Sie soll dem Projekt „Power4Steel“der Stahl-Holding-Saar zugute kommen. Zwei Drittel der Stahlproduktion der Holding sollen damit auf klimafreundliche Energieträger umgestellt werden, unter anderem auf Wasserstoff. Man hatte im Saarland lange auf die Förderzusage gewartet. Beschäftigte waren auf die Straße gegangen, 20.000 Arbeitsplätze hängen mit der Stahlindustrie im Saarland zusammen.
Wie sieht es bei Thyssenkrupp aus?
Der Branchenführer ist verantwortlich für 2,5 Prozent des bundesweiten Kohlendioxid-Ausstoßes.

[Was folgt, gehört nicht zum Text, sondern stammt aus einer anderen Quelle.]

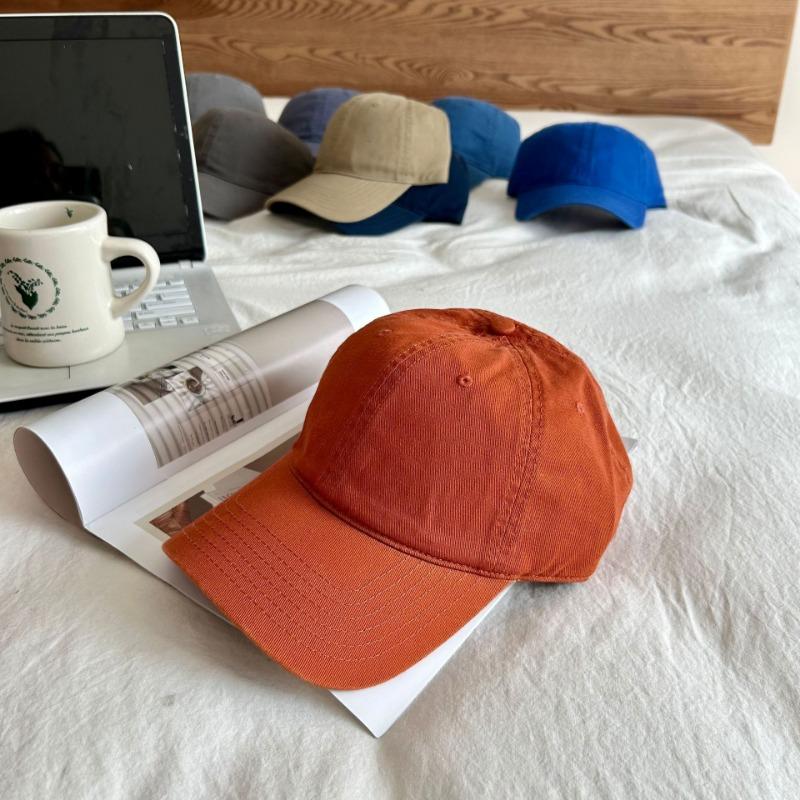 Hat Female Simple Solid Color Casual Versatile Soft Top Baseball Cap Couple Baseball Cap Male Face Small Cap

Man wolle den Anteil „durch die Dekarbonisierung des Stahls drastisch verringern“, kündigte Thyssenkrupp-Chef Miguel Lopez am Montag an.
Doch viele Fragen seien noch offen: „Wo kommen die gigantischen Mengen grüner Energie her, die wir für einen klimaneutralen Betrieb der Anlagen benötigen? Und wie sieht es bei den Kosten aus?“Künftig würden die Energiekosten bei der Stahlherstellung bis zur Hälfte der Gesamtkosten ausmachen. Thyssenkrupp baut in Duisburg seine erste Direktreduktionslage und bekommt von Bund und Land
NRW zwei Milliarden Euro – rund ein Viertel für Investitionen, den Großteil zur Subventionierung der Mehrkosten. Die EU hat grünes Licht gegeben, der Förderbescheid war schon vor dem Klimafonds-Urteil erteilt. Doch die Anlage ersetzt nur ein Viertel der klassischen Produktion in Duisburg. Thyssenkrupp würde gerne mehr Anlagen bauen, hat aber nach Jahren der Krise kein Geld dafür – und wünscht sich nun mehr Hilfe vom Staat. Die Stahlsparte hat 26.000 Beschäftigte.
Was kostet das den Steuerzahler?
Viel Geld. Denn die Branche will nicht nur Investitionshilfen und eine Subventionierung der Kosten, sondern fordert auch niedrigere Strompreise. „Besonders dringend sind wettbewerbsfähige Strompreise als unverzichtbare Grundlage für unsere Produktion“, sagte Kerstin Rippel, Chefin der Wirtschaftsvereinigung Stahl. Ökonomen wie Moritz Schularick halten dagegen nichts von Hilfen für die energieintensive Industrie.